Der Solarboom nimmt kein Ende. Die Subventionen wurden schon gestrichen aber die Leute hören dennoch nicht auf, weiter Solar auf ihre Häuser zu bauen und den Strom auch in die Netze einzuspeisen. Das ist prinzipiell gut und schön, nur halten das die Netze nicht mehr lange aus. Davor warnt die Deutsche Energie-Agentur (dena) bei einem noch weiter steigenden Anteil von Solarstrom.

Solarstrom leistet so viel wie 30 Kohlemeiler

Laut Aussage des Dena-Chefs Stephan Kohler stehen die Netze „vor der Überlastung durch Sonnenstrom“. Die Photovoltaik-Anlagen könnten bis Ende 2011 mit knapp 30 Gigawatt am Netz sein, so Kohler. An sonnenreichen Tagen könnten sie rund 35 Gigawatt Strom erzeugen.

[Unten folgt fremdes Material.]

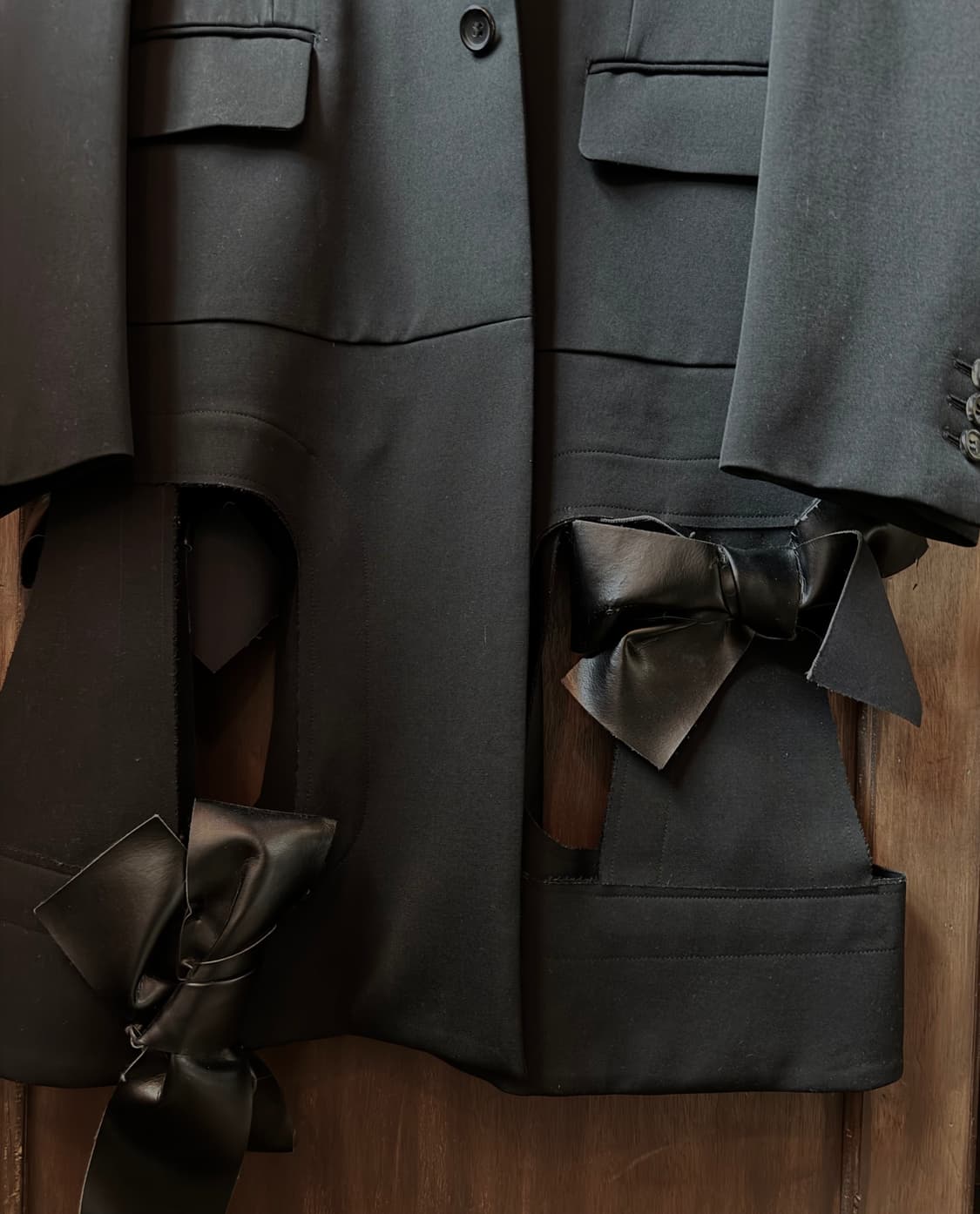 comme des garcons 컷아웃 리본 디테일 코트 상품이미지4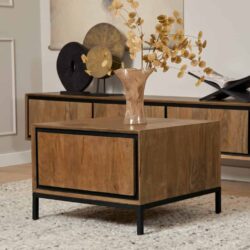 Elegant houten salontafel met zwart metalen frame, modern design en ruime opbergruimte, perfect voor stijlvolle woonruimtes en interieurinrichting door Mokana Meubelen.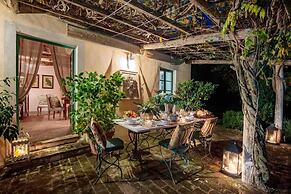 Villa Gufo in Lucca With 5 Bedrooms and 4 Bathrooms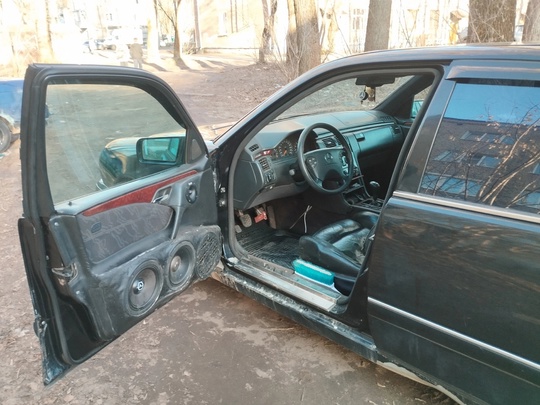 Автомобиль:Mercedes-Benz E200
Город осмотра:Ярославль
Год: 1995
Пробег: 
Объем: (7)
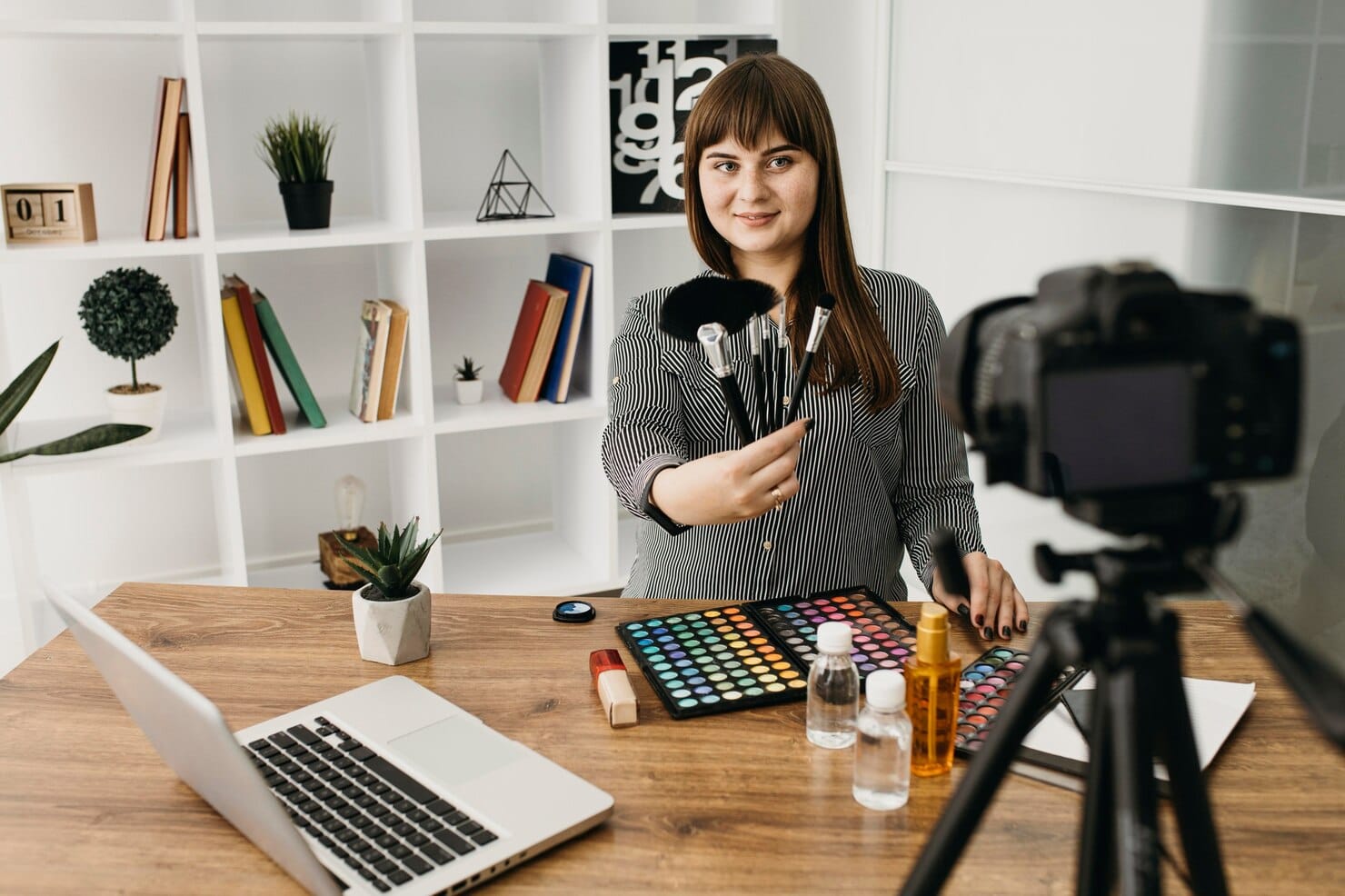 Melhores estratégias de vídeo para aplicar no seu marketing hoje Blogueira de maquiagem feminina com streaming com câmera e laptop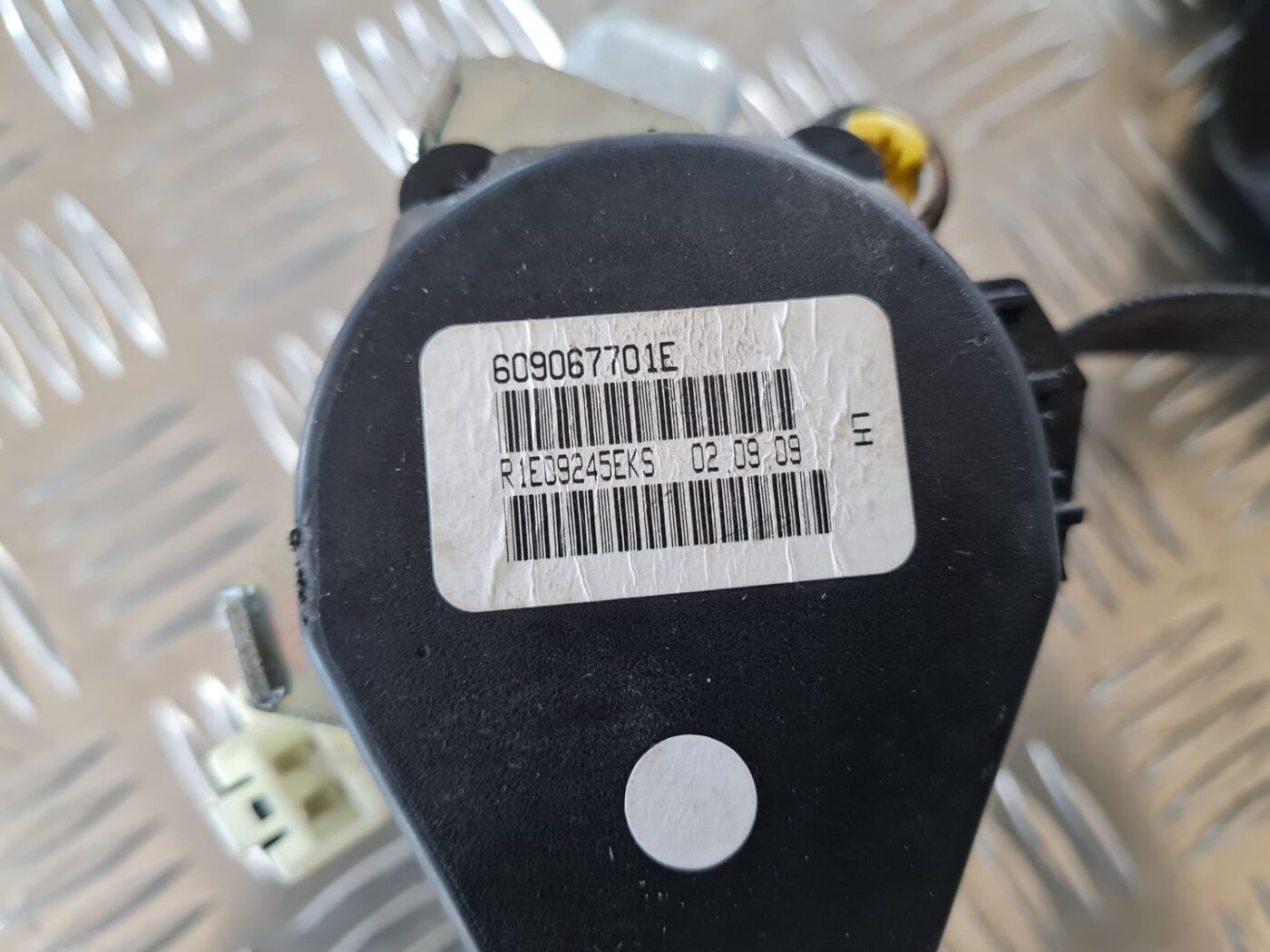 Priekšējā kreisā drošības josta priekš DODGE JOURNEY 2010 2 Priekšējā kreisā drošības josta priekš DODGE JOURNEY 2010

Das ist die Kraft von 30 Kohlemeilern und könnte fast den Strombedarf von ganz Deutschland über ein ganzes Wochenende decken. Schreitet der Ausbau der Solartechnik aber weiter so voran, erreichen sie wahrscheinlich eine Leistung von knapp 50 Gigawatt.

Solarstrom am besten abwürgen

Die deutschen Netze und Speicher sind aber noch nicht auf die stark schwankenden Solarstrommengen eingestellt, was den weiteren Ausbau der Solarenergie laut Kohler nicht mehr sinnvoll macht. Die Solarförderung solle auf den Zubau von 1 GW pro Jahr abgewürgt werden. Die Marke von 30 Gigawatt wäre dann erst im Jahr 2020 erreicht und damit Zeit gewonnen, die für den Umbau der Netze nötig ist.